Various new markers of cardiovascular disease (CVD) risk are helping clinicians assess such risk in their patients. Their use is proving particularly important for CVD risk assessment in diabetic patients, according to reports presented at the ADA meeting.

During a symposium that focused on non-traditional cardiovascular risk factors, Lewis Kuller, MD, professor of epidemiology at the University of Pittsburgh, said electron-beam computed tomography (EBCT) measurement of coronary artery calcium (CAC) is a valuable marker of sub-clinical atherosclerosis.

Coronary calcium scores in diabetics increase markedly, he said, in those with impaired glucose tolerance, with a score above 100 serving as strong predictor of CVD risk. The higher the CAC score in diabetics, the higher the mortality risk, Kuller said, citing “a direct linear relationship” as a predictor of mortality.

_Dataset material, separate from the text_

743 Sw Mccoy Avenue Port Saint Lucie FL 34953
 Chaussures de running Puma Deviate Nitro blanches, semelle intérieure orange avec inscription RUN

He noted that the rates of atherosclerosis rise with age.

Ronald Krauss, MD, director of atherosclerosis research at Children’s Hospital Oakland Research Institute (Oakland, California), cited low-density lipoprotein (LDL, the so-called “bad” cholesterol) as a risk factor for CVD, saying it had been slowly emerging in that role over the past two decades. He said that small LDL particles – LDL-3 or LDL-4, which also are the most common – are much more capable of inducing atherosclerosis than large- (LDL-1) or medium-sized (LDL-2) particles. He added that high levels of triglycerides have been shown to produce smaller LDL and high-density lipoprotein (LDL, or “good” cholesterol) particles.

Krauss cited studies showing that diabetics with a larger concentration of small LDL particles than larger particles have a risk of cardiovascular disease triple that of those without such concentration. Measuring LDL particles and reducing small particles with therapeutics can reduce the progression of coronary artery disease, he said.

The usefulness of C-reactive protein (CRP) as part of overall CVD risk assessment for patients was discussed by Christie Ballantyne, MD, director of the Center for Cardiovascular Disease Prevention at the Baylor College of Medicine (Houston). Noting that CRP is “the best-studied marker for CVD,” he said that increased levels of CRP are indicative of a doubled risk for stroke.